TABLE 4. Top 10 significant AE signals of Dmab and ZA.

As there were numerous shared AEs between Dmab and ZA, we conducted a further comparison of the overlapping AE signals. Out of the 189 identical positive AE signals between the two drugs, 29 AEs of Dmab exhibited stronger correlation than ZA, while 160 AEs of Dmab had weaker correlation than ZA, as determined by the ROR value. Table 5 presents the AE signals with significant differences in intensity between the two drugs. The AE signals of Dmab with stronger correlation than ZA (d > 20) included exostosis of jaw (ROR: 182.66 vs. 5.769), atypical fracture (ROR: 55.589 vs. 9.123), and atypical femur fracture (ROR: 49.824 vs. 4.968), while the AE signals of ZA with stronger correlation than Dmab (d > 50) were related to abscess jaw (ROR: 84.119 vs. 11.12), gingival ulceration (ROR: 74.125 vs. 4.827), increased bone formation (ROR: 69.344 vs. 3.218), and bone disorder (ROR: 68.221 vs. 3.189), among others.


TABLE 5. AE signals with significant differences in ROR values between Dmab and ZA.

3.3 Off-label use

While analyzing the data, we found off-label use was also a significant signal.

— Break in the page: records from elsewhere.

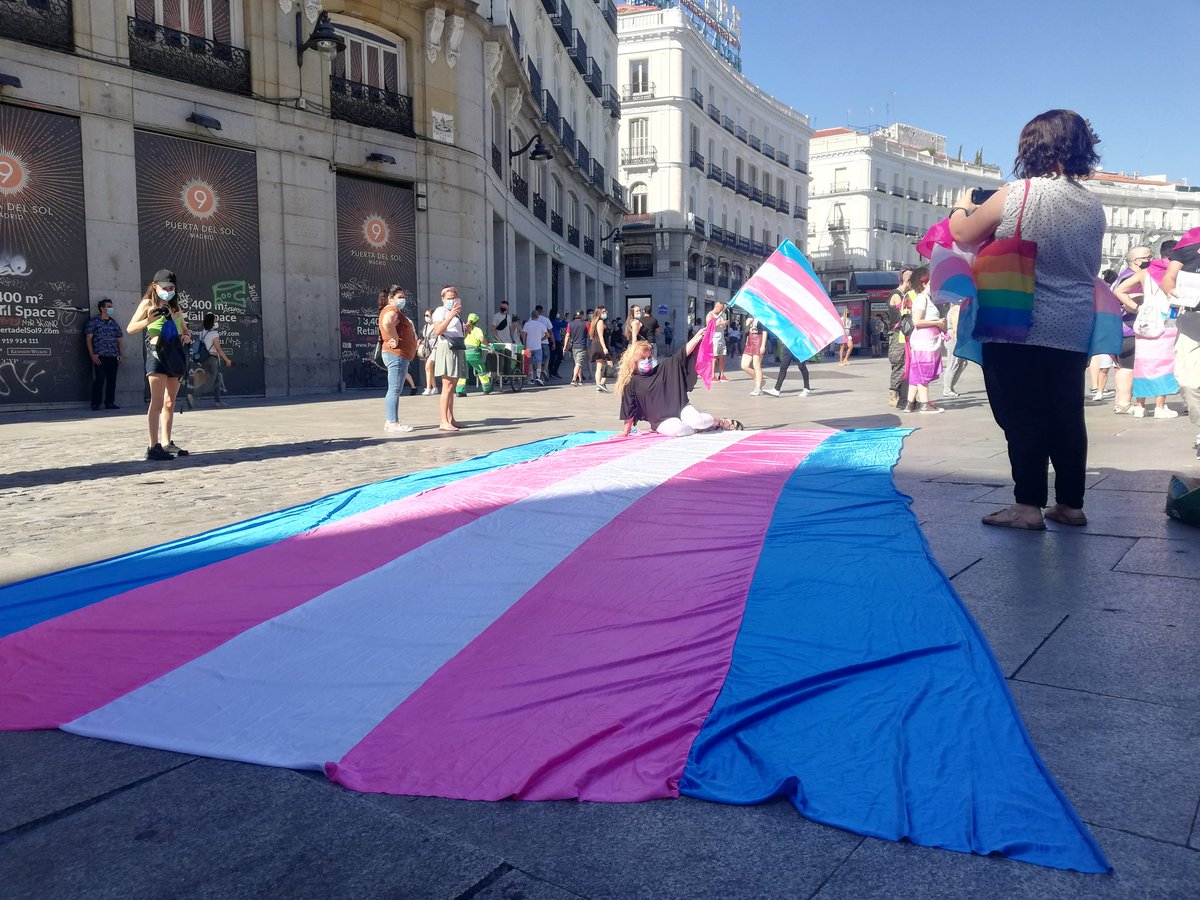 Marta_BLG's tweet photo. Empieza en Sol la concentración de colectivos trans para reivindicar una nueva ley no patologizante y que respete los derechos humanos

#AhoraDerechosTrans
#LeyTransEstatal #LeyEstatalTrans #Madrid https://t.co/0bdtML4Lv4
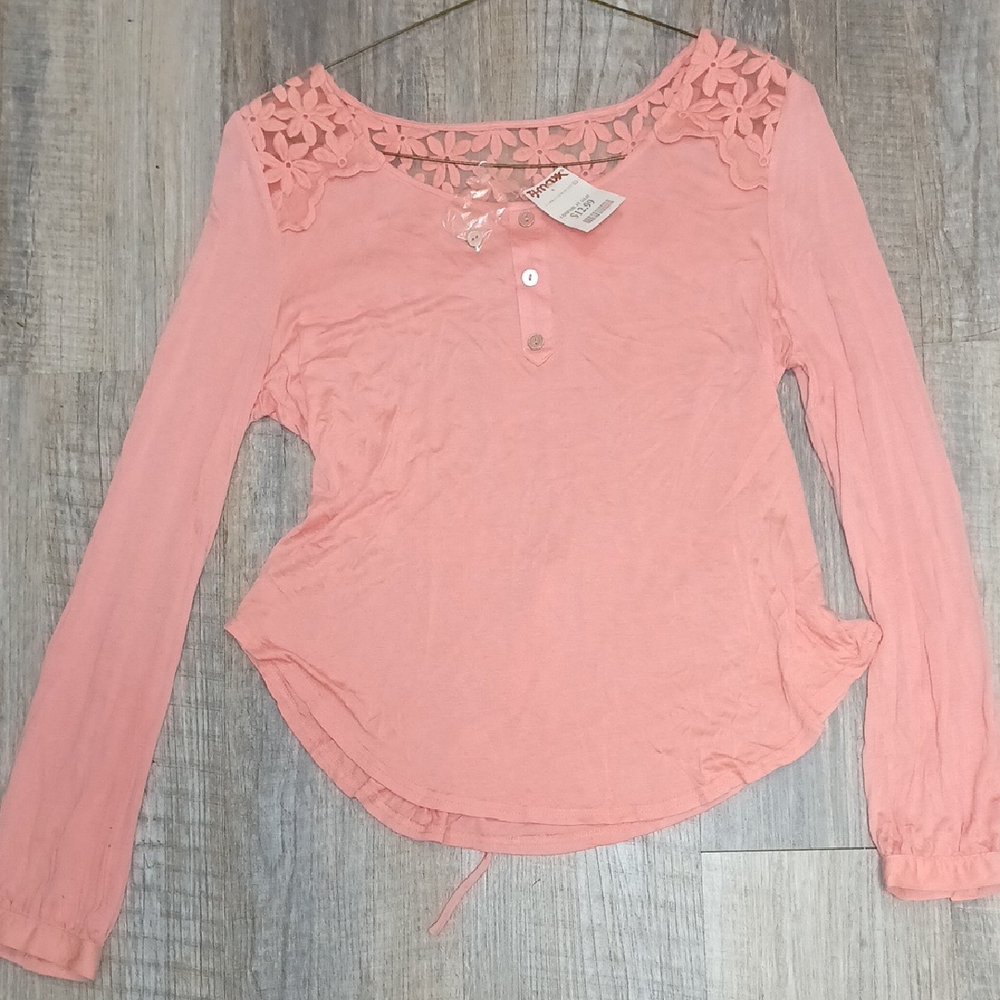 Mine Pink Floral Lace Long Sleeve Top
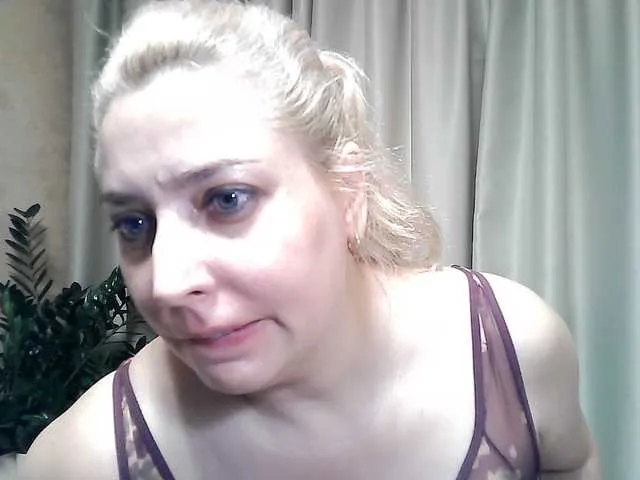 LanaLeetr1 free chat on liveonude Image 2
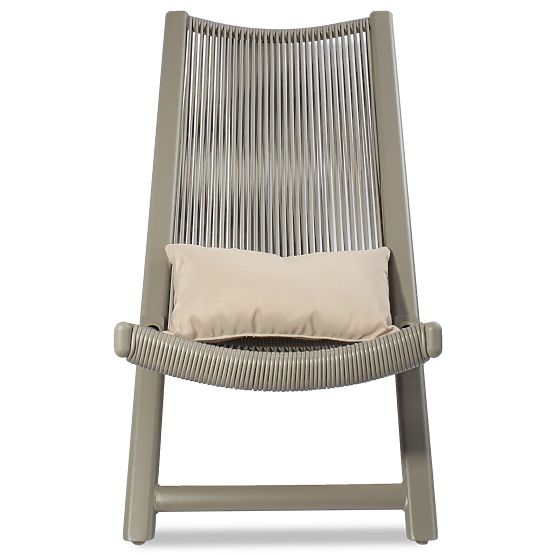 CHILL SAND Patio Furniture Set: Loungers and Table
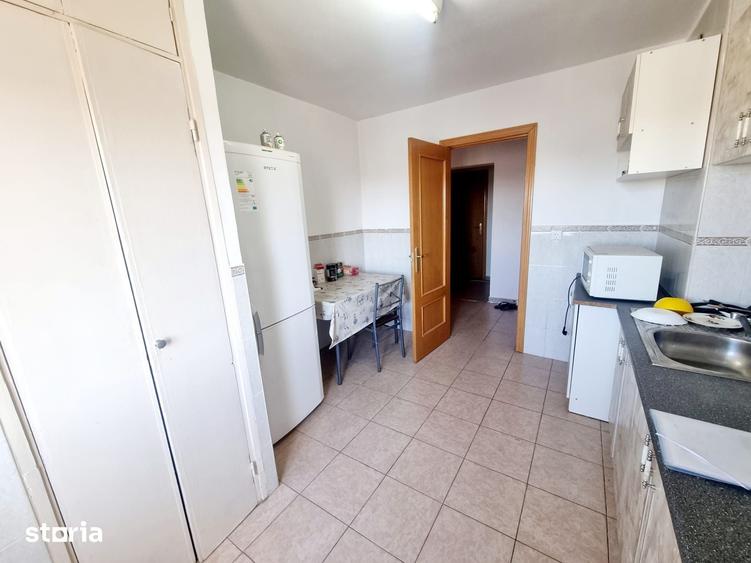 Apartament cu 3 camere decomandat în Republicii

Therefore, we further analyzed the data on off-label use. As we observed mixed reports of different specifications for each drug, for example, Dmab had a 60 mg specification for giant cell tumor and hypercalcemia of malignancy, while the 120 mg specification was used for postmenopausal osteoporosis. Similarly, ZA had two different specifications with mixed reports. Therefore, we combined the FDA-approved indications for both specifications of each drug and compared them with the indications in the database to identify off-label uses. We found 528 types of off-label use for Dmab and 206 types for ZA. Table 6 shows the top 10 off-label uses not mentioned in the drug instructions for both drugs, which are frequently used for treating various tumors. Breast cancer (1.03% and 3.21%) and prostate cancer (1.04% and 2.48%) were the most commonly off-label use for both drugs in the database. Other off-label uses for Dmab included arthritis (0.42%), vitamin D deficiency (0.26%), spinal compression fracture (0.25%), gastroesophageal reflux disease (0.24%), plasma cell myeloma (0.19%), rheumatoid arthritis (0.19%), and chronic kidney disease (0.10%). Off-label uses for ZA included neoplasm malignant (0.52%), renal cancer (0.45%), lung cancer (0.40%), plasma cell myeloma (0.30%), plasma cytoma (0.19%), colon cancer (0.08%), and osteoarthritis (0.07%).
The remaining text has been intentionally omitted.